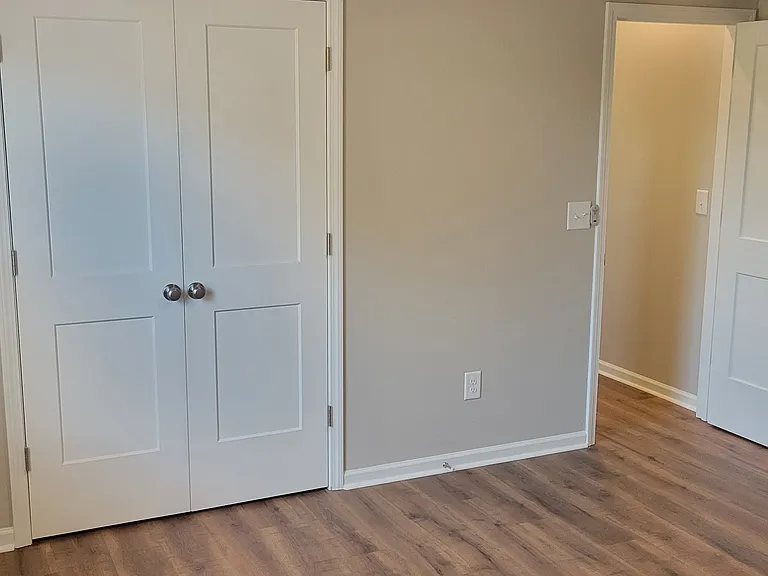 905 W Chestnut Street Ext #A — Photo 13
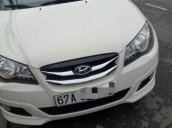 Cần bán xe Hyundai Avante năm sản xuất 2012, màu trắng số sàn, giá 330tr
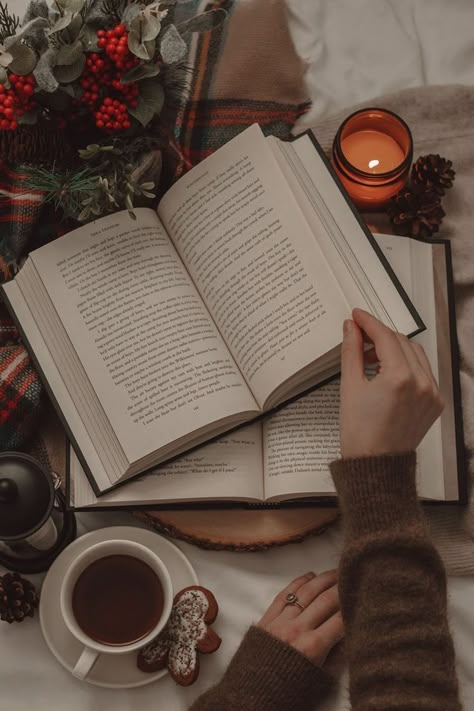 Book And Coffee Photography, Cozycore Aesthetic, Coffee Widget, Aesthetic Coffee Wallpaper, Book Photography Ideas, Reading Wallpaper, Bookish Home, Book Flatlay, Reader Aesthetic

◆ DESCRIPTION OF THE TASK: Repeat the listing word for word, omitting the pictures.

◆ FINISHED EXERCISE:
 905 W Chestnut Street Ext #A — Photo 13
 Cần bán xe Hyundai Avante năm sản xuất 2012, màu trắng số sàn, giá 330tr
 Book And Coffee Photography, Cozycore Aesthetic, Coffee Widget, Aesthetic Coffee Wallpaper, Book Photography Ideas, Reading Wallpaper, Bookish Home, Book Flatlay, Reader Aesthetic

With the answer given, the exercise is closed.